The PCN money never really found its way through to practices, and then in April 2022 we had the first of what has become three consecutive below inflation contract impositions upon the service. In May 2022 the Fuller Report was published, which manifestly does not seek to address sustainability issues at practice level but rather how general practice can be “integrated” into the rest of the system, and despite that has become the default strategy for general practice at both a national and local level.
A series of NHS England personnel changes has not helped. First Simon Stevens, who to be fair to him had always clearly articulated the importance of a strong general practice, left his role as Chief Executive of NHS England in July 2021 and was replaced by Amanda Pritchard. Dr Nikki Kanani, who had been a strong advocate for general practice and supporter throughout the pandemic, departed from NHS England a year later.

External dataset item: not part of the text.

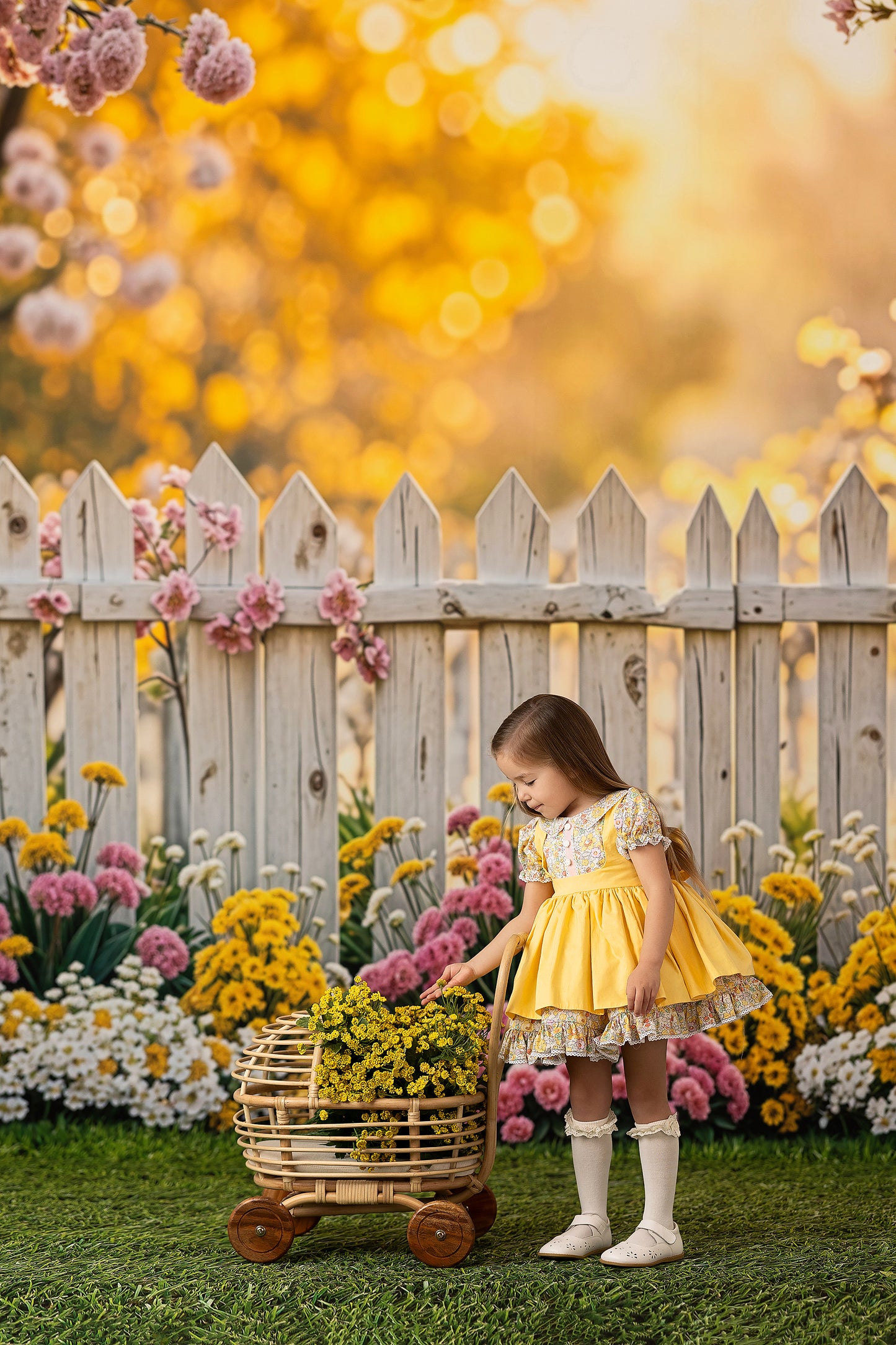 Golden Hour Garden - With Sweep Option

Dr Amanda Doyle arrived as National Director for Primary Care, and Dr Claire Fuller herself was eventually appointed as the new Medical Director for Primary Care in place of Dr Kanani.

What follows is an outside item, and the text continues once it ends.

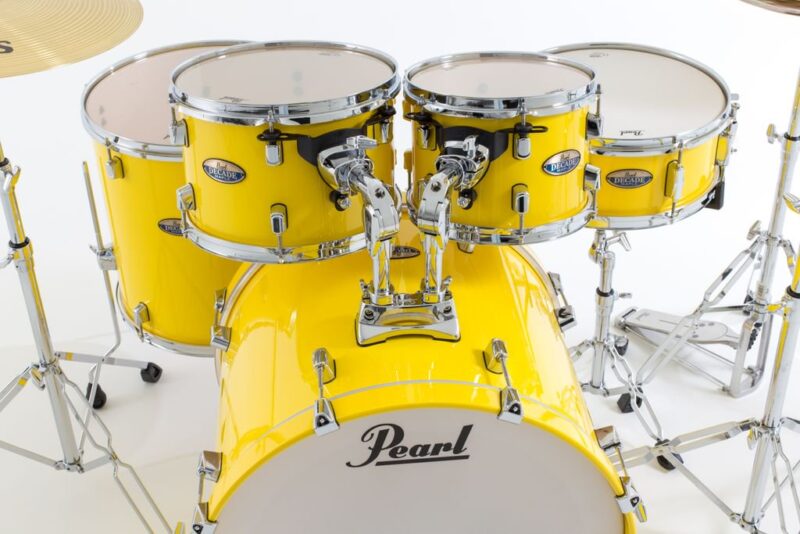 Bateria Decade Maple DMP925SP/C 228 Solid Yellow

So ever since Amanda Pritchard, Amanda Doyle and Claire Fuller have been in post we have had three consecutive imposed contracts, disinvestment in core general practice, and a system focus on integrating general practice with the rest of the system via PCNs, with seemingly little or no concern as to whether practices are able to remain viable.
This is the context into which this new initiative to “test new ways of working in general practice” has been announced. The mindset appears to be one of how general practice can support the rest of the system, e.g. how integrated care teams can prevent admissions to reduce pressure on the urgent care system, with little or no attention being paid to the important direct contribution of general practice itself.
This latest initiative is symptomatic of the recent approach NHS England has been taking to general practice. It starts with an assumption that the things that need to change are obvious, yet there is clearly a gap between what practices and what the system believe these things to be. It continues to focus on “integrated neighbourhood teams” with no clarity (either within NHS England or outside it) as to what these are intended to be. It bypasses traditional lines of communication with general practice (i.e. the GPC), instead choosing to unilaterally announce a series of pilots in a random set of ICBs. And (as ever) it refuses to provide any funding, instead saying that ICBs should “commit reasonable resource” to the pilots.
So my prediction is that these pilots will end up alongside other recent pilots (multispecialty community providers anyone?) as something that gets talked about for a little while but that are ultimately ignored once policy makers decide what they are actually going to do. In the meantime the challenges to the delivery of core general practice remain, and unless NHS England appoints leaders who take these seriously it is hard to see this changing any time soon.